Tolto il risultato personale di Vendola, siamo nella situazione opposta. Lo spostamento a sinistra non c’è stato. Anzi, si è rafforzata la componente moderata. Così oggi rischiamo di essere marginalizzati. I movimenti sono in stallo, come si è visto dalla scarsa partecipazione alla riunione del “Cantiere”’, mentre c’è un’offensiva fortissima dei centristi.
E Bertinotti ha lanciato “l’allarme programma”.
Bene. Però siamo in ritardo: gli elettori ci hanno votato perché siamo l’alternativa a Berlusconi, ma nessuno sa quale è il programma della sinistra. E le risposte che arrivano dai riformisti sono preoccupanti.

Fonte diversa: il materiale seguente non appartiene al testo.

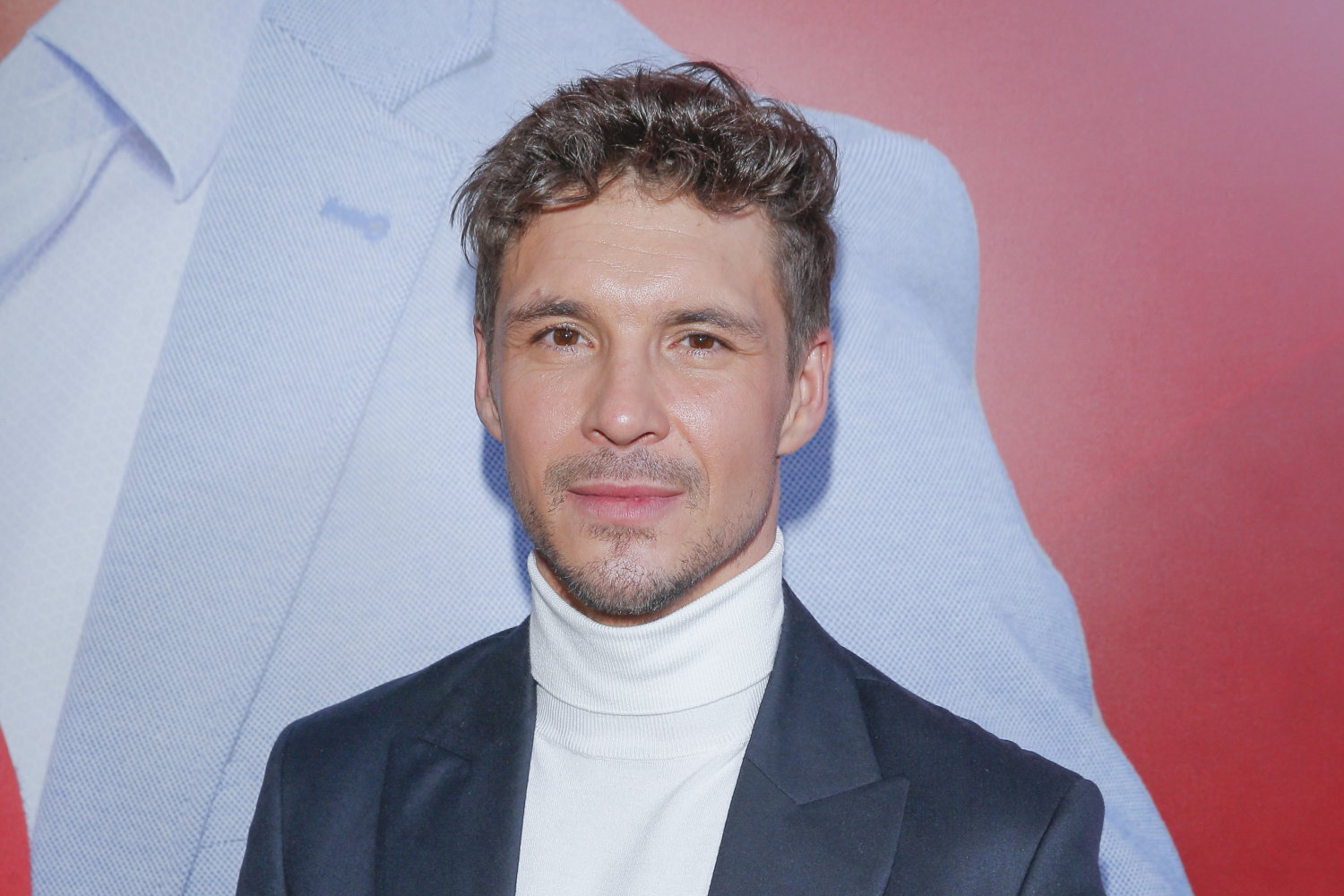 Mikołaj Roznerski spotyka się ze znaną tancerką?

Non le piace l’inneggiare a Blair?
Quello è un sintomo: dimostra che non è vero che il centrosinistra ha maturato una posizione diversa rispetto a quella degli anni 90. Ma senza discontinuità non andiamo da nessuna parte. E se devo prendere per buono quello che dicono ai giornali Fassino, D’Alema e Amato, diventa difficile anche iniziare a discutere.
Si riferisce al nodo della politica estera?

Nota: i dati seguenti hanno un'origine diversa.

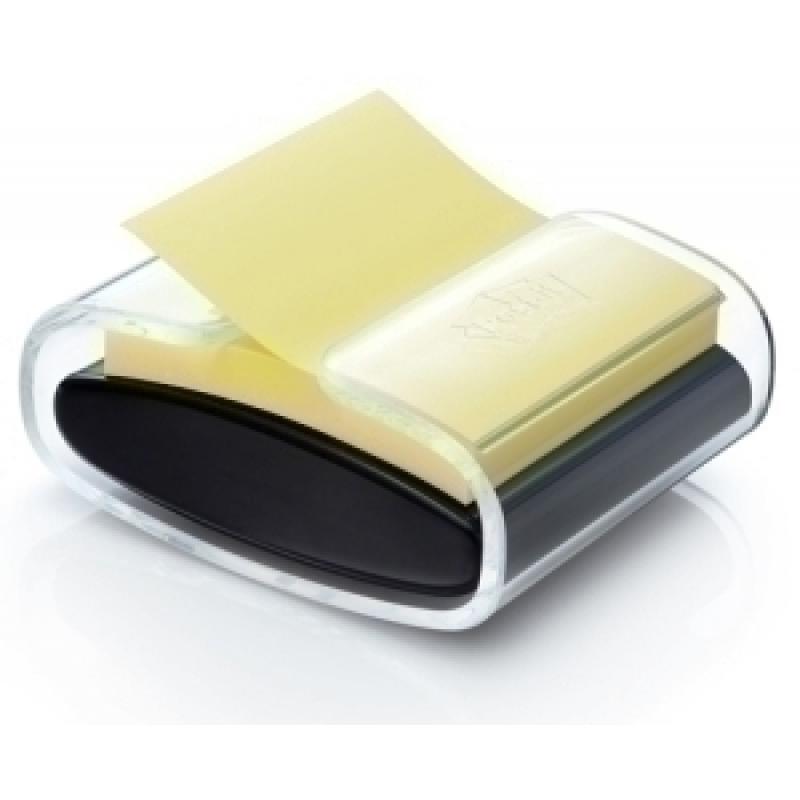 dispensador-post-it-negro-pro-taco-notas-super-sticky-z-notas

Il rifiuto della guerra è la precondizione per tutto il resto.
Lo sostiene anche Franco Giordano.
Giordano oggi dice quello che noi abbiamo scritto nella mozione, pone quei “paletti” così criticati al congresso. Aggiungo che non è sufficiente chiedere il rispetto dell’articolo 11. Il primo punto del programma dovrebbe essere che non parteciperemo a nessuna guerra.
E che vi ritirerete immediatamente dall’Iraq.

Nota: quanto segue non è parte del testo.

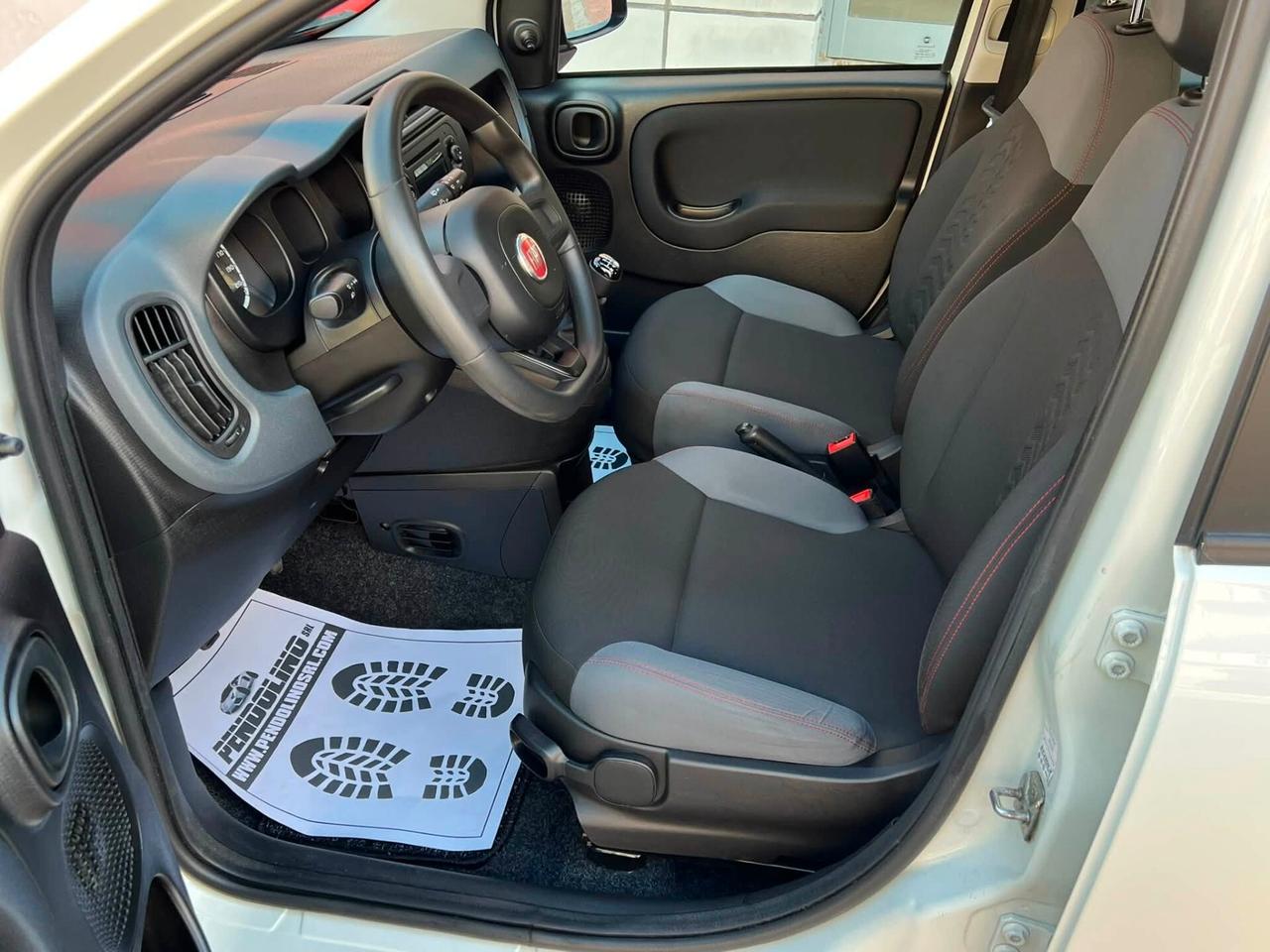 Fiat Panda 1.2 Easy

Ovvio. Senza aver definito questo, discutere di tutto il resto è una perdita di tempo. Perché è un punto su cui siamo pronti a rimettere in discussione la partecipazione all’esecutivo.
Beh, ora il confronto comincerà. E Bertinotti dice che saprà trovare una terza via.
Me l’auguro, però registro che su pace e guerra la terza via non c’è. Quanto agli altri temi, rischia di essere marginalizzato: ha già dato per scontata la presenza del Prc al governo, e così ha indebolito la partita programmatica. Per questo, ora dovrebbe lavorare a una piattaforma comune con le altre forze della sinistra.
Lui dice che non ha «bisogno di suggerimenti».
Lo so. Le Regionali dovevano suggellare il fatto che le minoranze del Prc sono dei rompiscatole fuori dal mondo. Invece, il “plof” ha dimostrato il contrario. Bertinotti dovrà abituarsi che le minoranze esistono. E che a volte hanno pure ragione.